Where else, Major, might one find a London bobby, a solicitor’s clerk, a baronet, an ex-Army chap, a greengrocer’s daughter and a – a bohemian eccentric, not to mention a chemistry student – all gathered in one room to discuss one subject?
An anxious wait this month for my Crimes of the Century book to arrive from America ended on Friday morning, when my copy of John Sladek’s Invisible Green got here just in time for me to read it before the end of April. I’d heard it was a good book – JJ from The Invisible Event recently called it ‘last possible hurrah for the classically-styled detective novel’ – so I was glad to tackle it.

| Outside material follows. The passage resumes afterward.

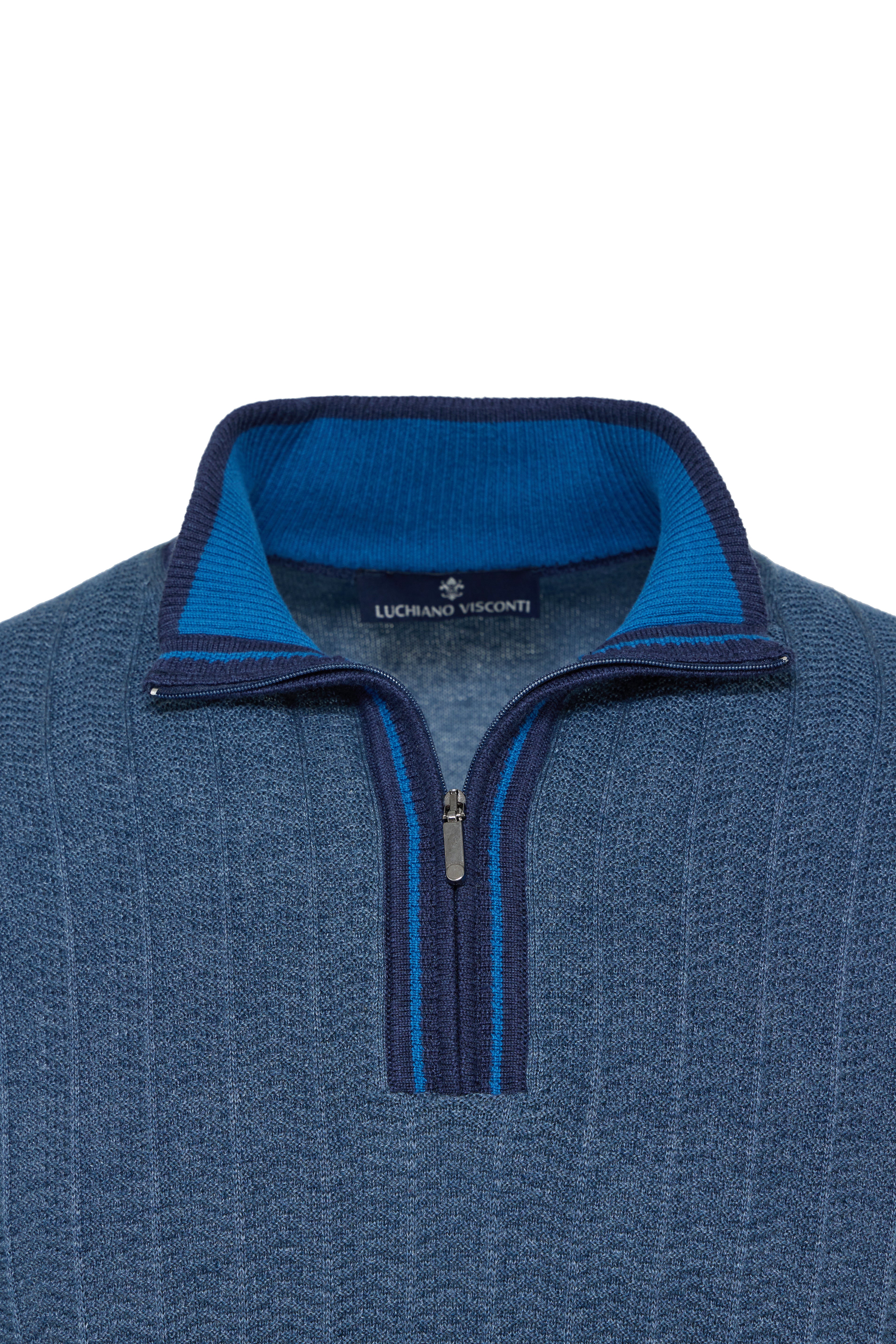 Indigo Quarter Zip Chevron Sweater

And so I cheekily ignored recommendations to tackle Proust. Maybe next time.
The book opens in 1939 at a meeting of the Seven Unravellers, a mismatched bunch of crime fiction enthusiasts with little in common and actually little affection for each other. It’s clear that even without the impending war the group will not last long.

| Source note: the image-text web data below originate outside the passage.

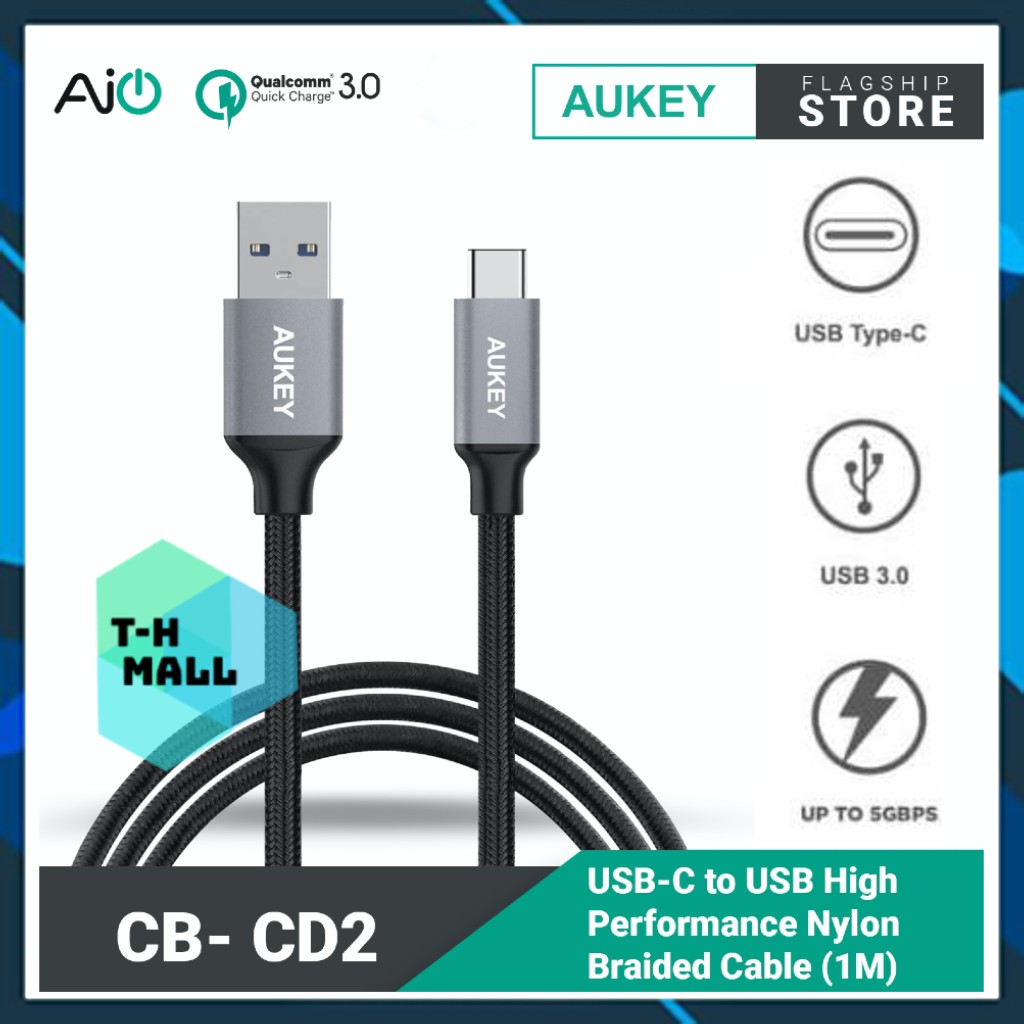 Dây cáp sạc nhanh USB Type-C 5Gbps Aukey CB-CD1 / CD2 / CD3  - Hàng Chính Hãng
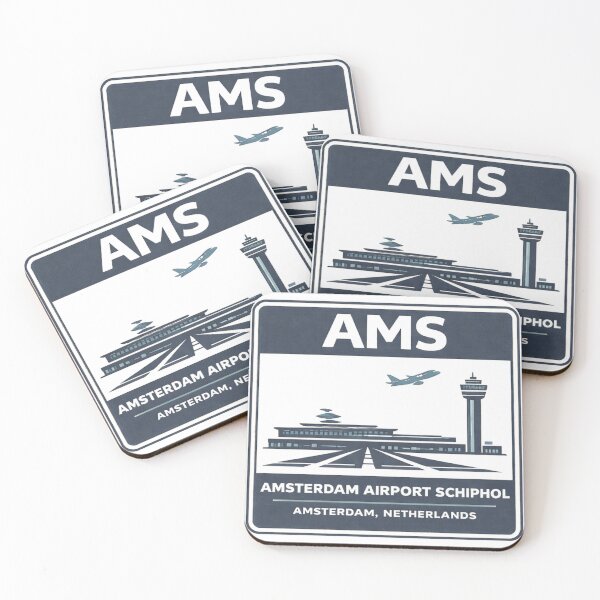 Item preview, AMS Amsterdam Airport Schiphol Sticker Magnet Travel Design designed and sold by CLOUTKULT.
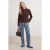 TRENDYOLMİLLA Dames Bruin Bloemenprint Lang, Regular fit Blouses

Fast forward thirty years and the club is long disbanded. The ‘ex-Army chap’ Major Stokes is living in grim poverty, living out his paranoid fantasies of Russian spies and secret messages hidden in the names of racehorses. But when the major is found dead, another club member Miss Pharaoh begins to wonder if his stories of persecution by the faceless Mr Green hid a grain of truth.
Miss Pharaoh calls in her friend Thackeray Phin, a real-life amateur sleuth, to investigate. And not a moment too soon, for it seems the other Unravellers may be on Green’s hit list.
Phin works in the true Golden Age spirit of friendly rivalry with Inspector Gaylord of the Yard, unlocking the locked room mystery of the Major’s death with some inspirational thinking.
As a book of 1979, this stands up very well. The motive is one which has hopefully been legislated out of existence. The fashions are described satirically but with some truth (Phin is an exaggerated dandy – his police colleague Inspector Gaylord describes him as being like the best man at a pimp’s wedding). And this paragraph, describing the end of a stake-out, is full of a world I just about remember.
Dawn was marked by a chorus of sparrows, the slow, whining of a milk float, and the first signs of life in the houses. The occupant of No. 44 had not yet come out for his milk when, from other houses, coughing factory workers emerged to drive of in their coughing cars. At eight o’ clock, the postman passed. By eight forty-five, women were beginning to wheel push-chairs and prams out off their narrow front doors, and off towards the shopping district.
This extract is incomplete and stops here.